Usually the top half of the keyboard used to get hot while gaming, which hints that the fans cannot cool the CPU and the GPU properly. You can make the fans run at a custom speed, however, for that you will have to overvolt the laptop to do just that, without burning out the fans. And even if you do so, the top half of the keyboard would get managed, but the bottom half would then start heating up like crazy.
The heating issue was prevalent in the Ryzen 3000 series chipsets also, but seemed to be better with the 4000 series. However, that too needs some space to cool down.
Due to the excessive heating, the processor you would think would throttle. However, I did not see the CPU temperature exceed 98-degrees. And CPUs start throttling after 99-degrees. So I would suggest that you get an external keyboard and mouse to play games and to edit your videos.
Overall, the performance has got me a bit flustered as the device is able to beat most other gaming laptops in terms of numbers and actual performance. However, the heating issue is what is making me sway away from this laptop.
Apart from its stellar performance, without the heating issues, battery is another area that the Zephyrus G14 manages to stand out.
Using the laptop for basic tasks like writing articles, listening to music, browsing the internet, it was able to last me for around six to seven hours at a stretch. That is too impressive for a gaming laptop to be honest.
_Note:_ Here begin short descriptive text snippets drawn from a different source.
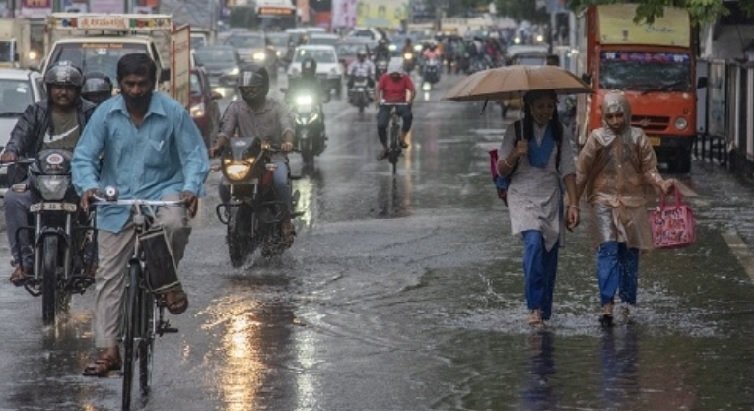मध्य प्रदेश बारिश, MP Weather, मानसून 2026, IMD, मध्य प्रदेश मौसम, बारिश का अलर्ट, जबलपुर, रीवा, भोपाल, इंदौर, वेस्टर्न डिस्टरबेंस, MP Rain Update, Monsoon News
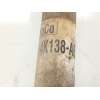 Recambio de transmision trasera derecha para ford kuga ii (dm2) 2.0 tdci referencia OEM IAM CV614K138AB 2168926 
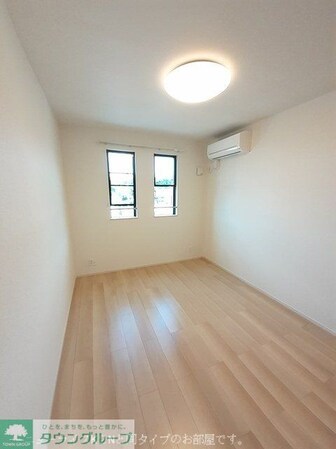 グラン フェリシアIの物件内観写真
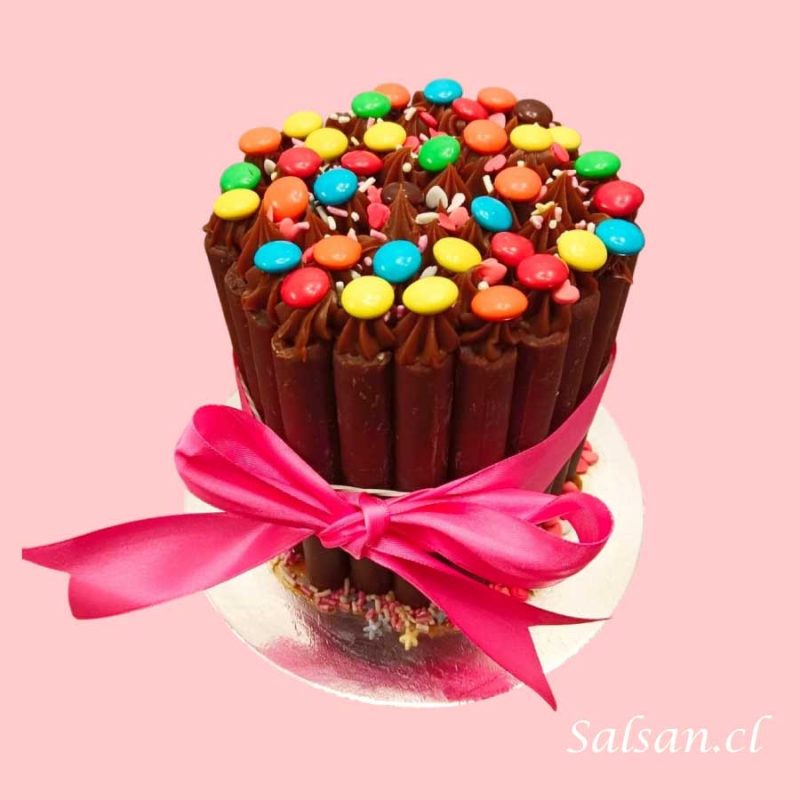 Producto torta de cumpleaños cuchufli2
Note, this was while the laptop was running in the Silent mode, with the GPU turned off and processor running at the minimum spec.
While gaming in Performance mode the laptop gave me around three hours of usage, which is quite decent for a gaming laptop.
One of the best things about this laptop was that it supports 65W PD charging. Due to which I was not always trying to plug in my charger, and instead used a PD charger to get the juice. This will come in quite handy when we are once more free to travel and these COVID-19 days are behind us.
Charging the laptop back from 0 to 100 with the bundled 180W charger took around one and a half hours. On the 65W PD charging, the laptop took over three hours to charge.
The Zephyrus G14 is a beast of a laptop held back by its portable form factor. The laptop has superb performance, a good keyboard, a smooth touchpad and battery life to put other gaming laptops to shame. But the overheating issue is holding me back from recommending it to everyone.
If you are looking for a daily driver laptop that gets work done then this is the laptop for you. Even if you want to game to edit videos, its processing power is up there with the best. However, if you want to game with the onboard keyboard this is not the laptop you should be looking at.